Although there usually are no people portrayed in his paintings – apart from intermittent enigmaticly blunt and direct portraits, for instance of Robert Mugabe – it is the character of the tightrope walker that emerges in Duncan Wylie´s more recent works. A wanderer between worlds, who laboriously constructs his own self, an original artist, navigating between chaos and cosmos as the elements of art – the self construction and gradual empowerment of man in a potentially chaotic world, the acquirement of autonomous subjectivity, sovereign against  the impositions of the world seem to be the message Duncan Wylie wants to transmit to man – to a lesser extend as a harsh, authoritarian appeal than as an indication of hope and as a sign of respect for the individual tightrope walking within one´s own challenges of each and everyone of us.
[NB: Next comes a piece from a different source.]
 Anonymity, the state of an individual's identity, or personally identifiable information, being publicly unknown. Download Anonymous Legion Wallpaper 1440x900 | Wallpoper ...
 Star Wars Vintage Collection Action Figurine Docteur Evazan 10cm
In his most recent works, which are presented by the Dukan Gallery for the first time, Duncan Wylie seems to have pushed forward to a subject that wanders on a somehow safer track (railroad tracks) and that seems to become overlaid by his own inner material, in a productively chaotic way, a subject that seems to become ever more rich and complex. He calls them „self constructing figures“. The double meaning of „construct“ seems to have been an inspiration: since a „construct“ can have a definitive, material, objective substance, yet can also be something rather subjective (i.e. an „ideological construct“) – a materialisation of creativity at any rate. Do we have an exploration of the interdependence subjective – objective it that? The osmosis of both? Also take a look at how the „exploding“ subjects and the background of the world they are situated in obviously interfere with each other. Both figurative and abstract art. The architecture in those works is meanwhile intact, and the world seemingly a safer place.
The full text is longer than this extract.